┌──

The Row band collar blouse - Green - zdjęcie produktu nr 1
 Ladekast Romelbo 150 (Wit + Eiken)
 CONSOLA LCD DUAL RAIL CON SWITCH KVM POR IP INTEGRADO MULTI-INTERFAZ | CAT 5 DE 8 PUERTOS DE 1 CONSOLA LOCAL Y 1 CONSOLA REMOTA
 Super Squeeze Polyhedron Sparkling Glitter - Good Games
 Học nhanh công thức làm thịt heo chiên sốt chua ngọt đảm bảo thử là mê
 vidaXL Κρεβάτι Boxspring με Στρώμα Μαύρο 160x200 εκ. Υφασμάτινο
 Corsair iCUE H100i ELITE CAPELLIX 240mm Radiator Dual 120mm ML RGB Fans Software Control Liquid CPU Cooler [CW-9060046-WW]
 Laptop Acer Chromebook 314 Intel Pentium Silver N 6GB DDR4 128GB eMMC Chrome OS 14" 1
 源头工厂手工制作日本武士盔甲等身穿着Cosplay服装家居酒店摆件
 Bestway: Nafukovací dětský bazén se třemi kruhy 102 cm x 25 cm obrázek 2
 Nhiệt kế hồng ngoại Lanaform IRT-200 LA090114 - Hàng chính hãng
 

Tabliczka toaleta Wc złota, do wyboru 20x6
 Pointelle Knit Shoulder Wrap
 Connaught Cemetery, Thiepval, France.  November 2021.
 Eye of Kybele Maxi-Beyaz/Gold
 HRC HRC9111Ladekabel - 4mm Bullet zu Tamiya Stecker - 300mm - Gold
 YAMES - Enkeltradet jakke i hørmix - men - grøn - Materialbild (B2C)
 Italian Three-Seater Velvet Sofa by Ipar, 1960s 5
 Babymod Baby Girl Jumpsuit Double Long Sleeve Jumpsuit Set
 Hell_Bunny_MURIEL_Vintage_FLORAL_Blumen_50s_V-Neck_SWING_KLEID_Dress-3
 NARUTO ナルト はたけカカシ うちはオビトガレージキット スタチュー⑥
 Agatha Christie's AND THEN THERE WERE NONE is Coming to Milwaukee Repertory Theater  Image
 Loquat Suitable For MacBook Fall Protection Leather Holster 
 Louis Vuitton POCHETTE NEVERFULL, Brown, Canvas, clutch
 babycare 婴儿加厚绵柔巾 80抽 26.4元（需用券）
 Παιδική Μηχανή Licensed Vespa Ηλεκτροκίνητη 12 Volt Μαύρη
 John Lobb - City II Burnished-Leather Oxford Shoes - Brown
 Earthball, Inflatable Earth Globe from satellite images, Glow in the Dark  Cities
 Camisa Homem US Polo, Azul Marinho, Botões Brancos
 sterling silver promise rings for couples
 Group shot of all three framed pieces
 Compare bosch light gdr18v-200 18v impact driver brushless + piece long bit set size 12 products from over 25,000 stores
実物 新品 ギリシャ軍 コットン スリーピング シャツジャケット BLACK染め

└──

▶ [TASK DIRECTIONS]: Return only the lines above that run from the opening line through the line containing "John Lobb - City", exactly as written.

▶ [ANSWER TO THE EXERCISE]:
The Row band collar blouse - Green - zdjęcie produktu nr 1
 Ladekast Romelbo 150 (Wit + Eiken)
 CONSOLA LCD DUAL RAIL CON SWITCH KVM POR IP INTEGRADO MULTI-INTERFAZ | CAT 5 DE 8 PUERTOS DE 1 CONSOLA LOCAL Y 1 CONSOLA REMOTA
 Super Squeeze Polyhedron Sparkling Glitter - Good Games
 Học nhanh công thức làm thịt heo chiên sốt chua ngọt đảm bảo thử là mê
 vidaXL Κρεβάτι Boxspring με Στρώμα Μαύρο 160x200 εκ. Υφασμάτινο
 Corsair iCUE H100i ELITE CAPELLIX 240mm Radiator Dual 120mm ML RGB Fans Software Control Liquid CPU Cooler [CW-9060046-WW]
 Laptop Acer Chromebook 314 Intel Pentium Silver N 6GB DDR4 128GB eMMC Chrome OS 14" 1
 源头工厂手工制作日本武士盔甲等身穿着Cosplay服装家居酒店摆件
 Bestway: Nafukovací dětský bazén se třemi kruhy 102 cm x 25 cm obrázek 2
 Nhiệt kế hồng ngoại Lanaform IRT-200 LA090114 - Hàng chính hãng
 

Tabliczka toaleta Wc złota, do wyboru 20x6
 Pointelle Knit Shoulder Wrap
 Connaught Cemetery, Thiepval, France.  November 2021.
 Eye of Kybele Maxi-Beyaz/Gold
 HRC HRC9111Ladekabel - 4mm Bullet zu Tamiya Stecker - 300mm - Gold
 YAMES - Enkeltradet jakke i hørmix - men - grøn - Materialbild (B2C)
 Italian Three-Seater Velvet Sofa by Ipar, 1960s 5
 Babymod Baby Girl Jumpsuit Double Long Sleeve Jumpsuit Set
 Hell_Bunny_MURIEL_Vintage_FLORAL_Blumen_50s_V-Neck_SWING_KLEID_Dress-3
 NARUTO ナルト はたけカカシ うちはオビトガレージキット スタチュー⑥
 Agatha Christie's AND THEN THERE WERE NONE is Coming to Milwaukee Repertory Theater  Image
 Loquat Suitable For MacBook Fall Protection Leather Holster 
 Louis Vuitton POCHETTE NEVERFULL, Brown, Canvas, clutch
 babycare 婴儿加厚绵柔巾 80抽 26.4元（需用券）
 Παιδική Μηχανή Licensed Vespa Ηλεκτροκίνητη 12 Volt Μαύρη
 John Lobb - City II Burnished-Leather Oxford Shoes - Brown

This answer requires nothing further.